Suppose you want to buy a house. The idea is that, you'll agree on a price of the house, which is greater than current market value. Suppose listing price is 100K. You agree on 150K with the lender. Each payment is expected to pay as part of 150K.

This however creates two problem. Lender's profitability depends on accurately determining the future price. Either lender or applicant can suffer from imprecise price.

An alternative I've seen is, the notion of rent. Suppose, at closing the lender buys the house for you, with the intention that you'll reside there and pay market rent.

Suppose the price of house is 100K, and rent is 1000/month. Now suppose, there's no down payment, you'll have to pay above 1000/month to start building equity.

After first payment of 1100, you have equity of 100$, while the lender has 99.9K. So, when the 2nd month payment goes, you can get to keep 0.1% of rent as equity OR use that to build more. Over time, you'll eventually pay it off. This part likens it to interest, except because rents are market based, they don't fly with borrowers.

So lenders have come up with "Administrative" fees, which I equally think are BS. Hence traditional mortgage still are more accessible.
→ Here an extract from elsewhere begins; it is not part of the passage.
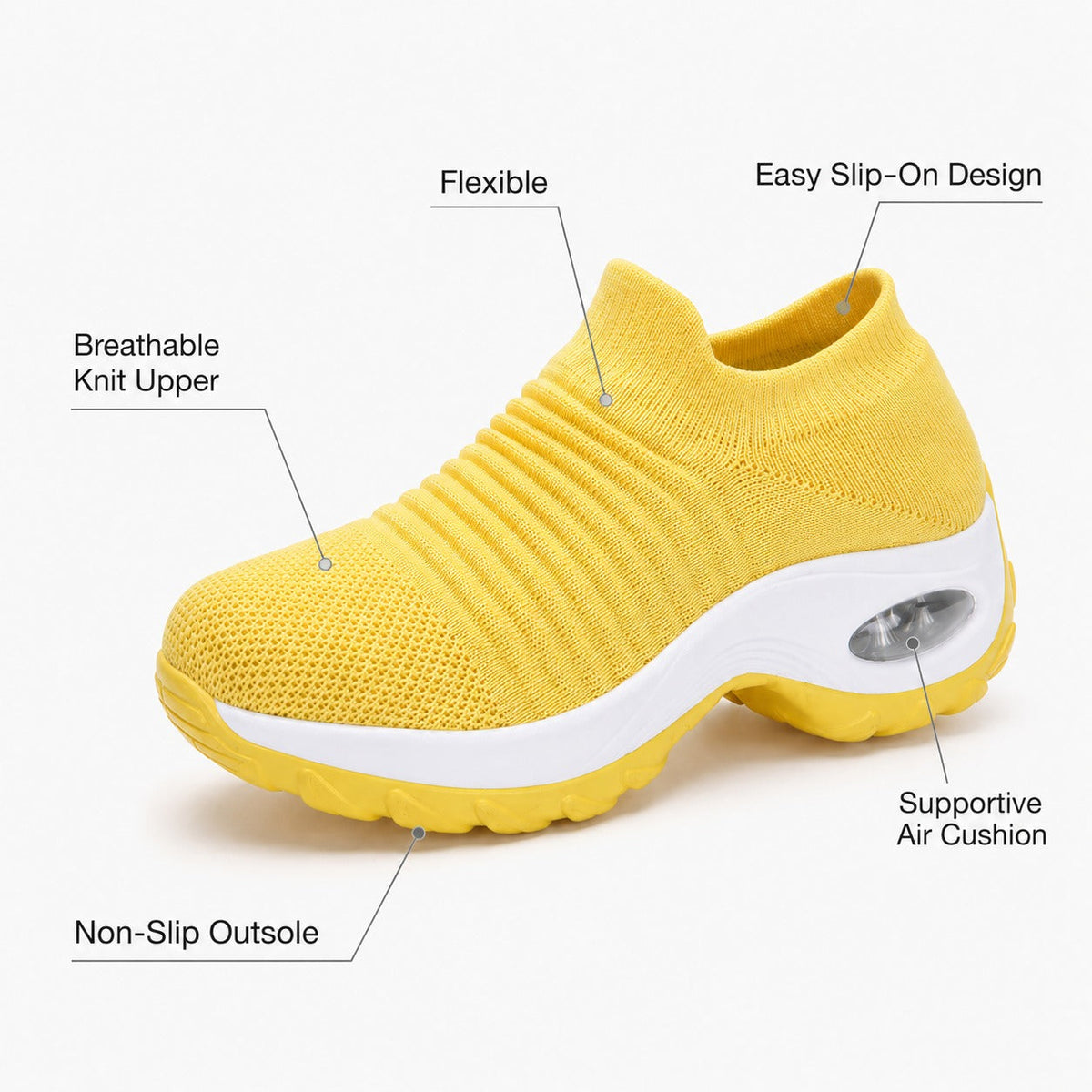 Carestep Non Slip Nursing Shoes For Women Colour Yellow Feature Diagram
I would love it if there was a rational product out there.

1 comments

That "rational product" you're looking for is a traditional loan with interest—which in the end is just a way of renting money. All these other arrangements are just attempts to mimic the utility and function of a loan while avoiding the term "interest" in order to technically comply with the bare letter of various religious restrictions. If you aren't bound by those rules then there is no point in taking on all that extra complexity.